Die Weimarer Reichsverfassung. Vorbild oder Gegenbild des Grundgesetzes?

Fortentwicklung

Grundrechte
Was die Grundrechte betrifft, so wird noch immer verbreitet angenommen, dass diese in Weimar nur den Status von Programmsätzen, Staatszielen, Gesetzgebungsaufträgen oder Absichtserklärungen gehabt hätten, meist in die Formel gepresst: "In Weimar galten Grundrechte nur als Programmsätze!"[24] Genau aus diesen Fehlern und Versäumnissen habe dann das Grundgesetz die segensreichen Konsequenzen gezogen und Grundrechte in Art. 1 Abs. 3 GG als unmittelbar geltendes und einklagbares Recht eingestuft.

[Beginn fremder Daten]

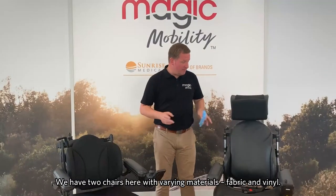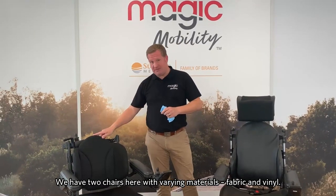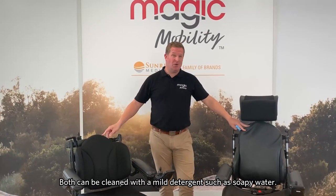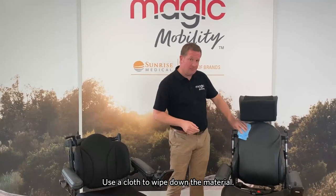As you can see here, we've got two of our chairs with varying materials. Here we have the fabric material and here we have an example of our vinyl material. Both of which you can clean with a mild detergent — soap diluted with water — and then generally use a cloth just to wipe down the materials.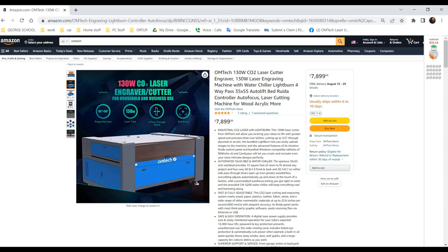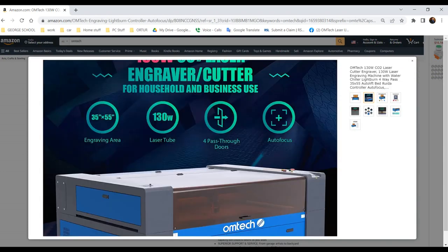Hello everyone, today I'm going to be showing you the process of unboxing one of the big boys of Omtek laser machines. This is the 130W, and they have the 100, 130, 150, and even the 180 — it depends on the bed sizes. For these big machines you will need special equipment to unload from a truck; it's not like the small machines you can push with a dolly.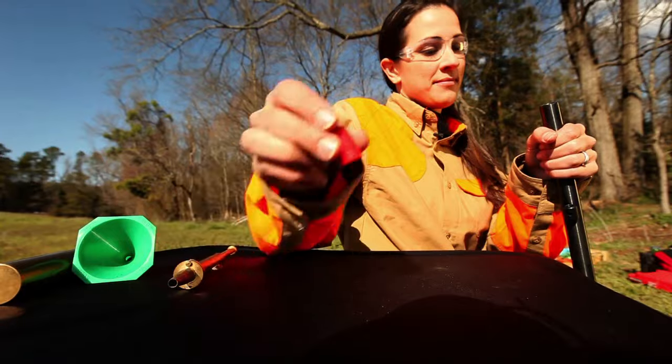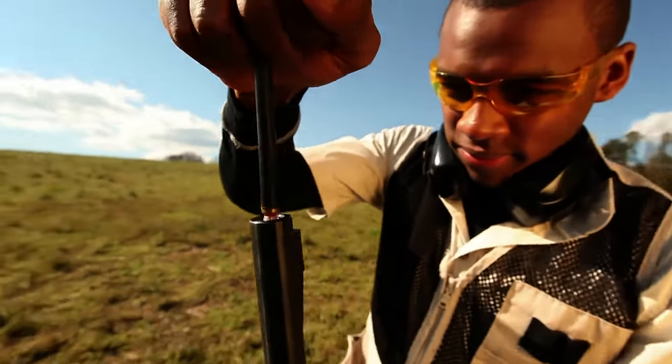First off, I love muzzle loading. I'm guessing because you clicked on this video, you like muzzle loading too. The trick is that with muzzle loading, you've got to know how to properly both load and unload a muzzle loader. We have a little clip to show you about how to properly unload it.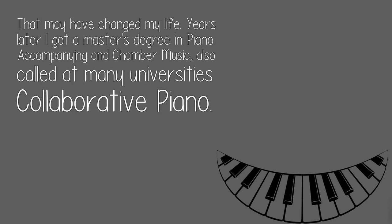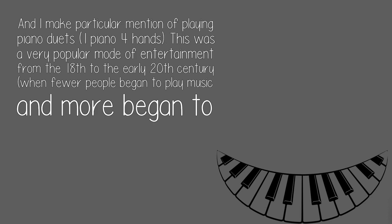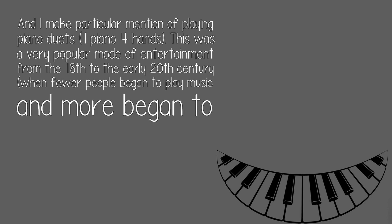Years later I got a master's degree in piano accompanying and chamber music, also called at many universities collaborative piano. You begin the process by finding a willing collaborator at roughly your ability level and just diving in. If you can find someone willing to coach you, great. And I make particular mention of playing piano duets — one piano, four hands.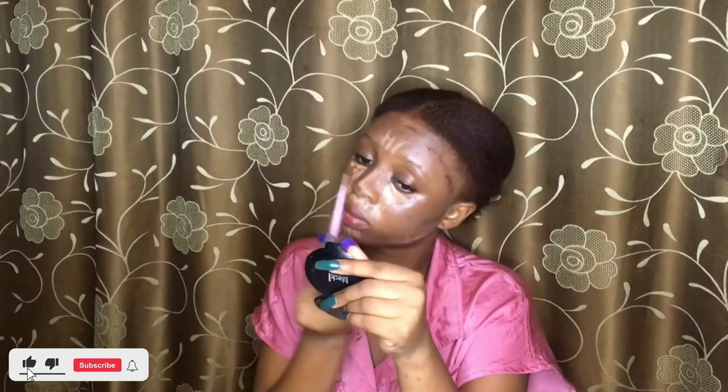I usually go for two layers of concealer. Now I'm putting my contour — on my forehead, my cheeks, under my cheekbones. I don't actually have that many visible cheekbones, and also under my jaw and around my nose, under my eyebrow. Now I've blended my contour out and I'm blending my concealer.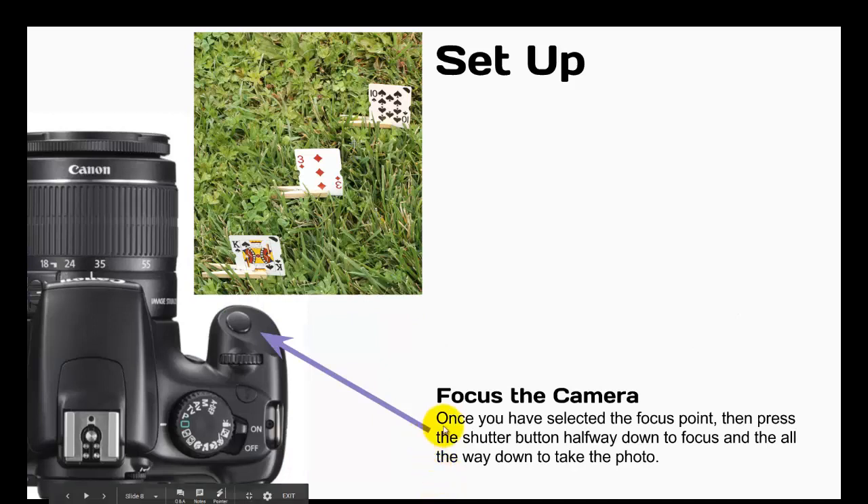And the last part of setup: focus the camera. Once you have selected the focus point, press the shutter button halfway down to focus and then all the way down to take the photo. This is the shutter button right here. As you push it halfway down, the lens will move until it focuses. Once it stops moving, then it's safe to take the photo by pushing the shutter all the way down.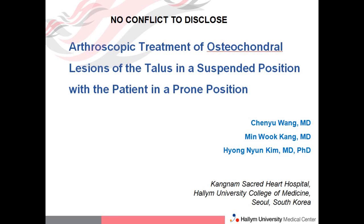In this short video, I would like to show the arthroscopic technique in a suspended position for osteochondral lesion of the talus.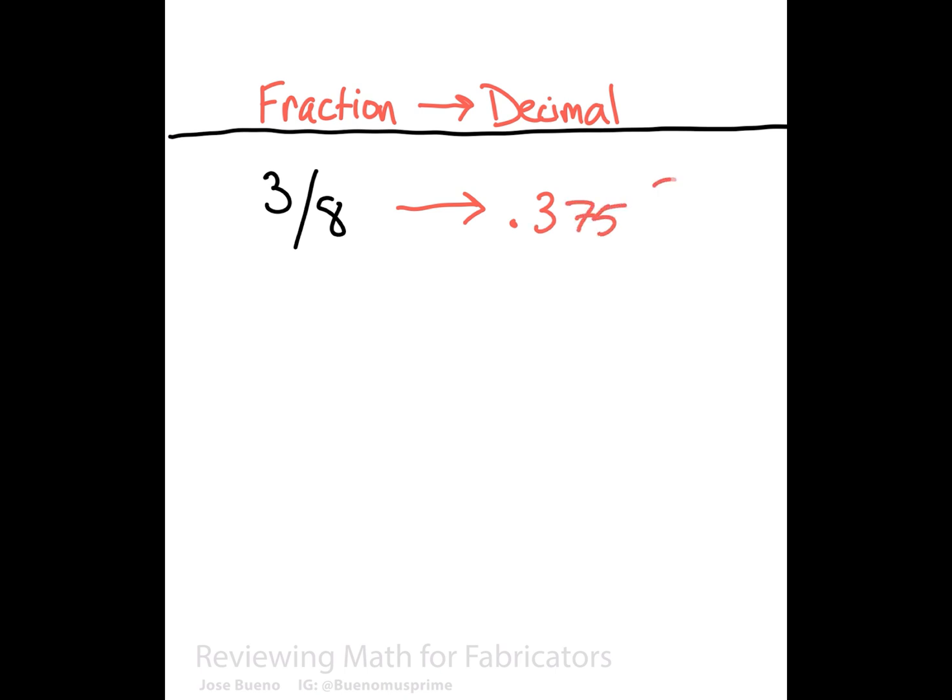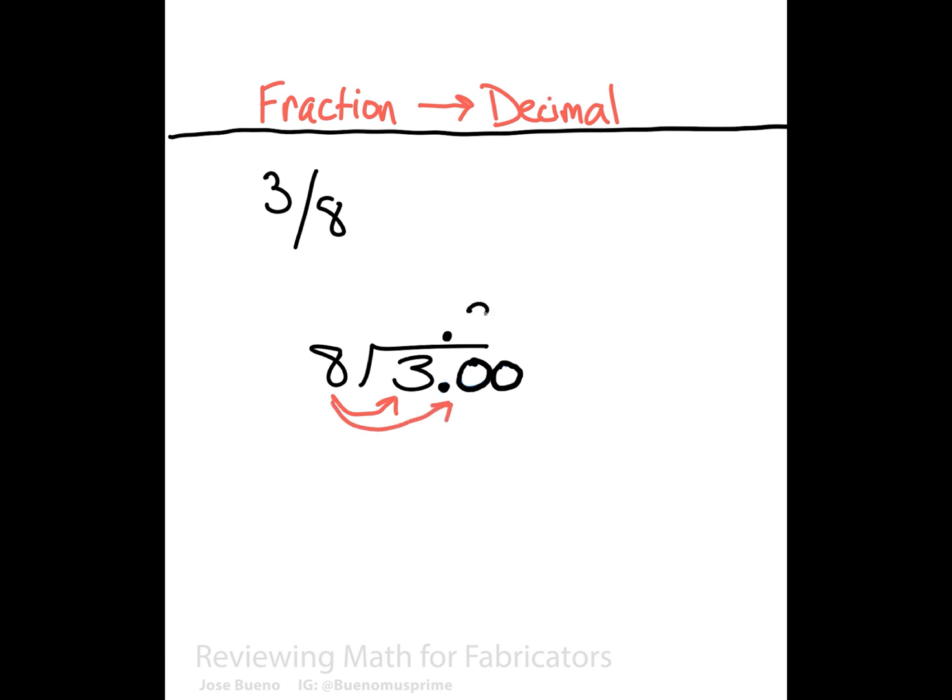But how do we make sure that this is true? We start by converting three-eighths into a division problem — three divided by eight. Eight doesn't go into three, so we add a decimal point directly after the three and add a couple zeros as placeholders. In the answer portion, we place the decimal point directly above the decimal in 3.00. Eight won't go into three, but it will go into thirty three times, because eight times three is twenty-four. We subtract twenty-four from thirty, which gives us six.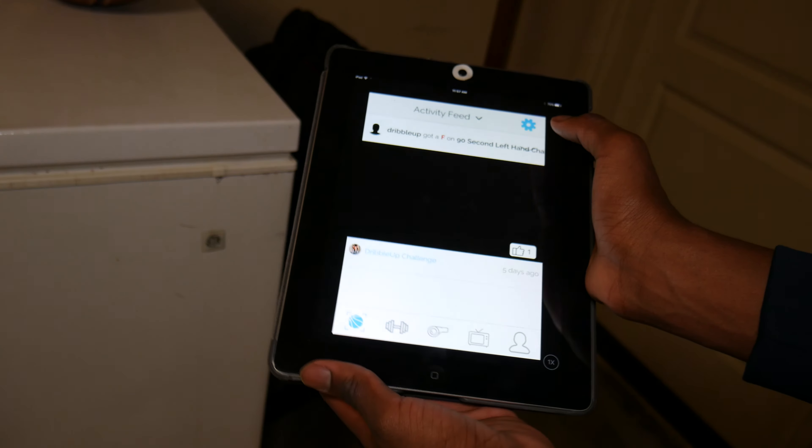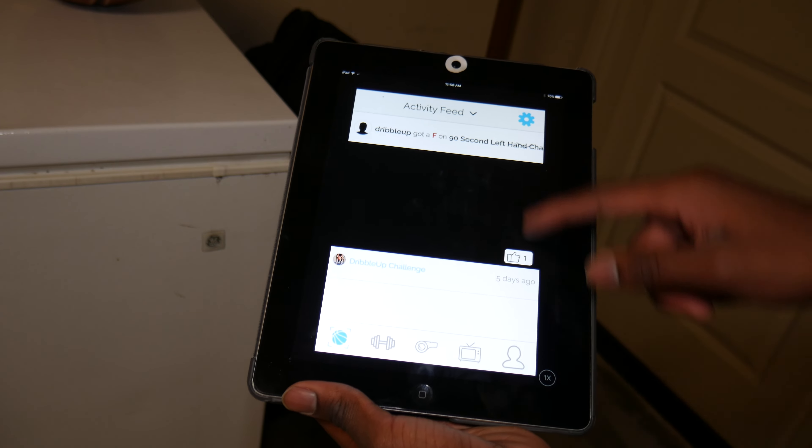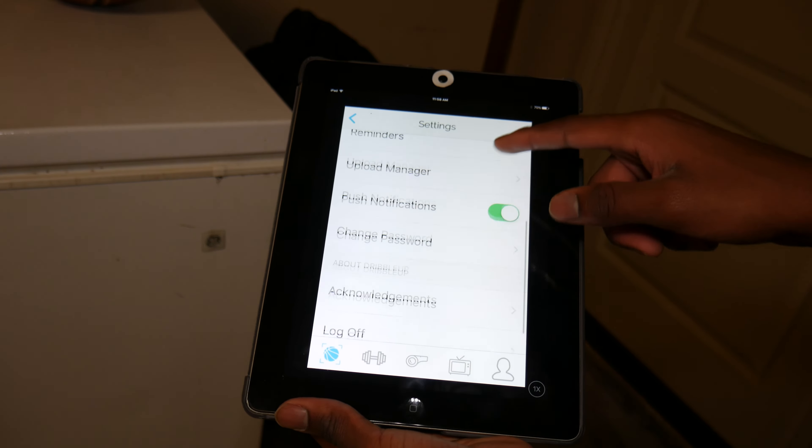One thing I do like about Dribble Up is that they actually ask the users for feedback on what things they could change, so it's not just them doing it — the people who actually use it give them feedback so they can improve the app. They've done pretty good. First up is the app itself: they've improved sharing features and the activity feed — how many dribbles you've done, things like that, what you could share — so it's a really intuitive type of thing.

Dieses Bild ist, gelinde gesagt, verzerrt.[25] Denn hier wird, was für die im Zweiten Hauptteil der Weimarer Verfassung sehr ausführlich behandelten sozialen und wirtschaftlichen Fragen, insbesondere die sogenannten Lebensordnungen (Familie, Religion, Wirtschaft) und die dort anzutreffenden Zielperspektiven und Gesetzgebungsaufträge in der Tat zutrifft, einfach auf die tradierten, klassischen, schon im 19. Jahrhundert geläufigen Grundrechtsverbürgungen übertragen. Derartige Rechte kannte natürlich auch die Weimarer Reichsverfassung, wie man beim Recht auf den gesetzlichen Richter (Art. 105 WRV), der Freizügigkeit (Art. 111 WRV), der Auswanderungsfreiheit (Art. 112 WRV), der Freiheit der Person (Art. 114 WRV), der Unverletzlichkeit der Wohnung (Art. 115 WRV), dem Briefgeheimnis sowie dem Post-, Telegraphen- und Fernsprechgeheimnis (Art. 117 WRV), aber selbstverständlich auch bei der Meinungs-, Presse- und Versammlungsfreiheit (Art. 118, 123 WRV) unschwer erkennen kann. Und es besteht nicht der geringste Zweifel daran, dass es sich bei diesen Verbürgungen um mehr als bloße Programmsätze oder Absichtserklärungen handelte, nämlich um aktuell geltendes, anwendbares und vollziehbares Recht – wer es nicht glaubt, werfe nur einen Blick in den seinerzeit führenden Kommentar von Gerhard Anschütz, der dies bei den genannten Normen und in der Einführung zum Zweiten Hauptteil klar herausstellt.[26] Bei der Erläuterung zum althergebrachten Grundrecht auf Schutz vor willkürlicher Verhaftung gemäß Art. 114 Abs. 2 WRV schreibt er, um nun wirklich jeden Zweifel auszuschließen: "aktuelles Recht, nicht bloßes Programm!"[27] Auch in der Judikatur des Reichsgerichts begegnet man immer wieder dem Hinweis darauf, dass es sich bei den genannten Grundrechten um aktuell anwendbares Recht, nicht lediglich um Programmsätze handele.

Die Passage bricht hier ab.